*DIRECTIONS FOR THIS TASK*:
Every line below needs to be printed again exactly, without any of its pictures.

*STUDY MATERIAL*:
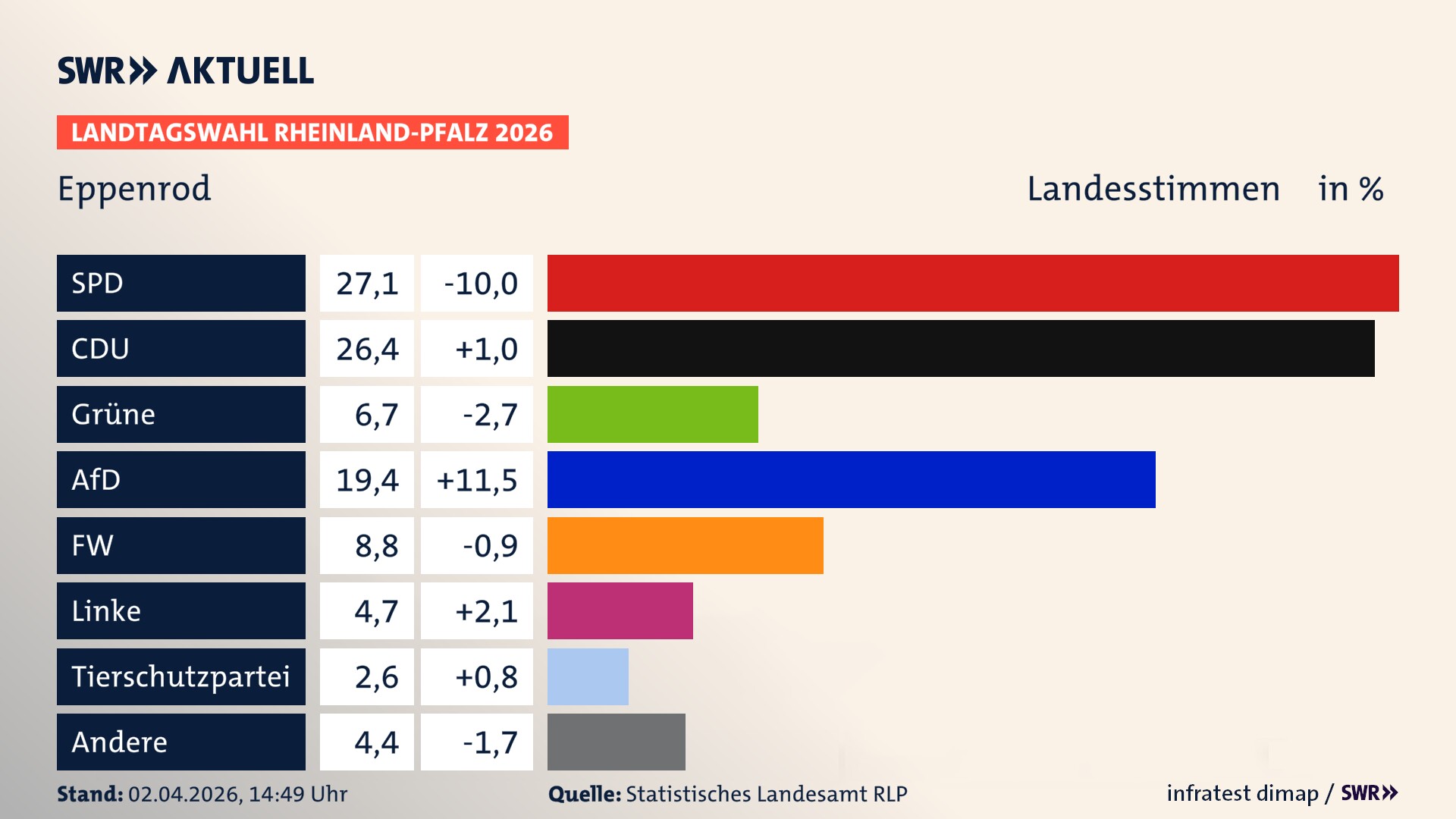 Landtagswahl 2026 Endergebnis Zweitstimme für Eppenrod. In Eppenrod erzielt die SPD 27,1 Prozent der gültigen Landesstimmen. Die CDU landet bei 26,4 Prozent. Die Grünen erreichen 6,7 Prozent. Die AfD kommt auf 19,4 Prozent. Die Freien Wähler landen bei 8,8 Prozent. Die Linke erreicht 4,7 Prozent. Die 2021 nicht angetretene Tierschutzpartei bekommt 2,6 Prozent.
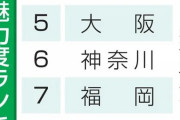 都道府県別、魅力度ランキング 最下位は茨城県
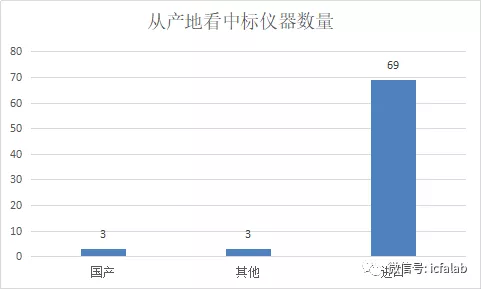 2021年下半年掃描電鏡中標盤點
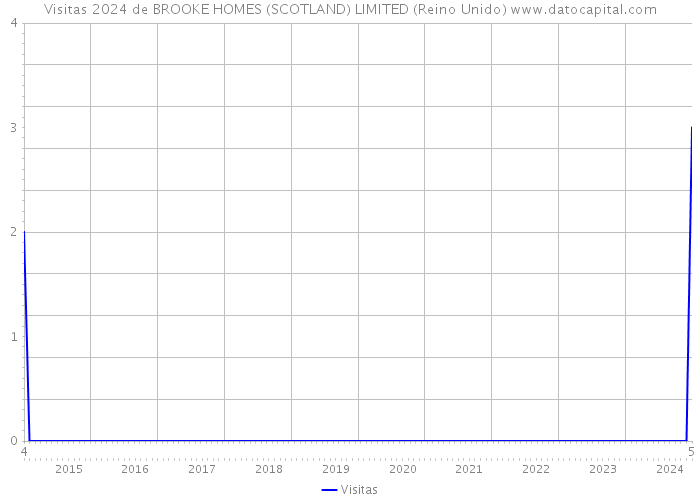 Visitas 2024 de BROOKE HOMES (SCOTLAND) LIMITED (Reino Unido) 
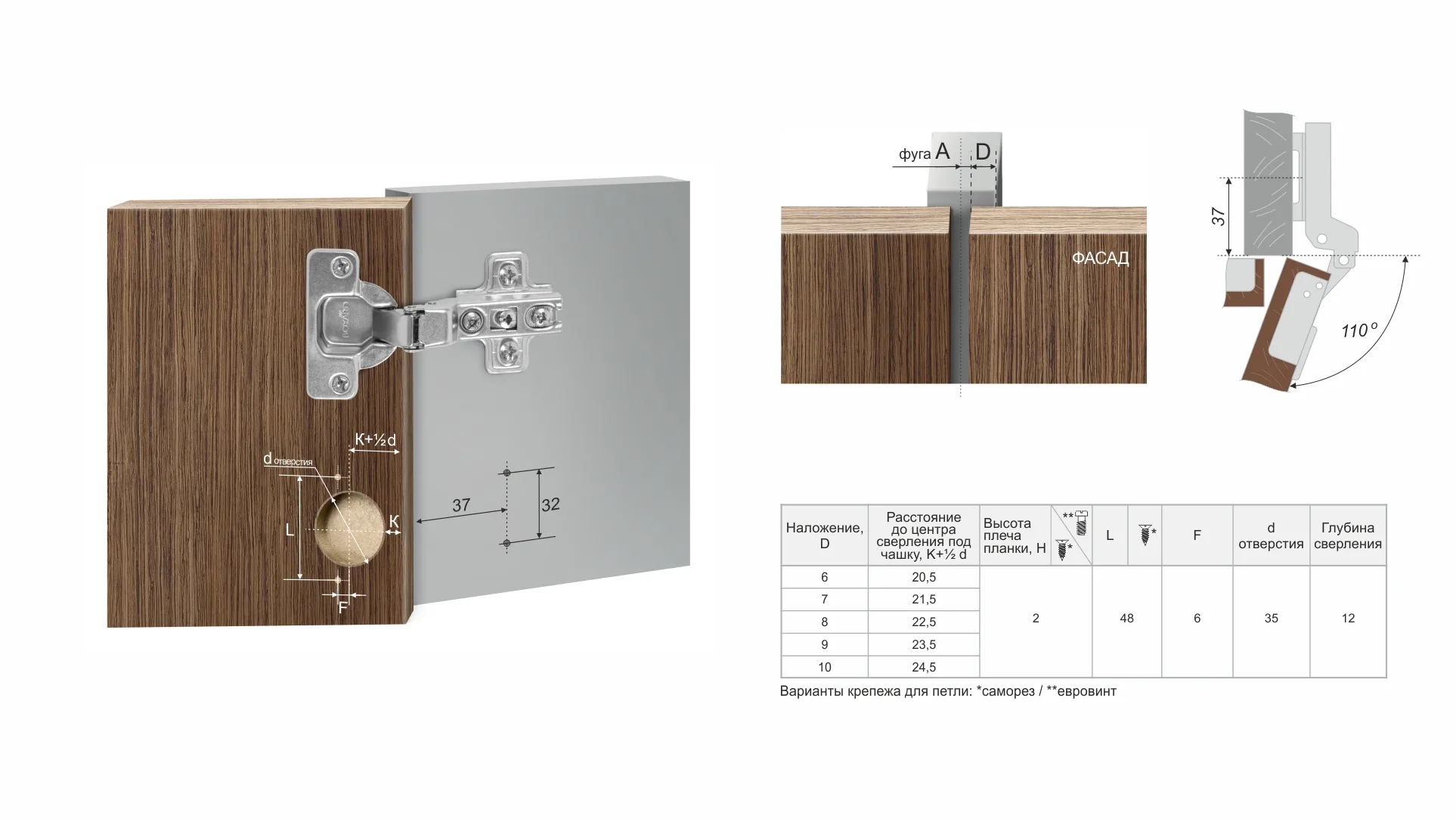 Мебельная петля с пружиной обратного хода PUSH H690B02/0112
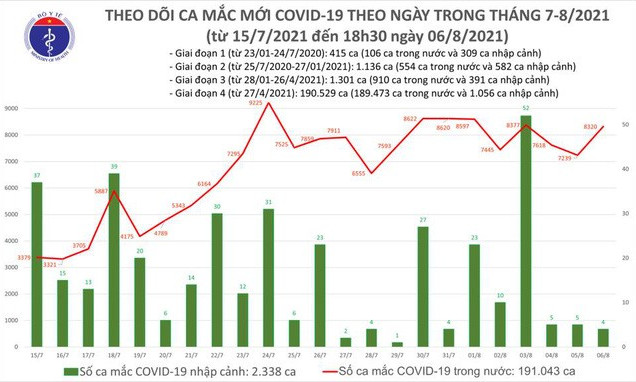 Tối 6/8: Thêm 4.315 ca mắc COVID-19, nâng tổng số mắc trong ngày lên 8.324 ca, riêng Hà Nội có 116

*RESPONSE BOX*:
 Landtagswahl 2026 Endergebnis Zweitstimme für Eppenrod. In Eppenrod erzielt die SPD 27,1 Prozent der gültigen Landesstimmen. Die CDU landet bei 26,4 Prozent. Die Grünen erreichen 6,7 Prozent. Die AfD kommt auf 19,4 Prozent. Die Freien Wähler landen bei 8,8 Prozent. Die Linke erreicht 4,7 Prozent. Die 2021 nicht angetretene Tierschutzpartei bekommt 2,6 Prozent.
 都道府県別、魅力度ランキング 最下位は茨城県
 2021年下半年掃描電鏡中標盤點
 Visitas 2024 de BROOKE HOMES (SCOTLAND) LIMITED (Reino Unido) 
 Мебельная петля с пружиной обратного хода PUSH H690B02/0112
 Tối 6/8: Thêm 4.315 ca mắc COVID-19, nâng tổng số mắc trong ngày lên 8.324 ca, riêng Hà Nội có 116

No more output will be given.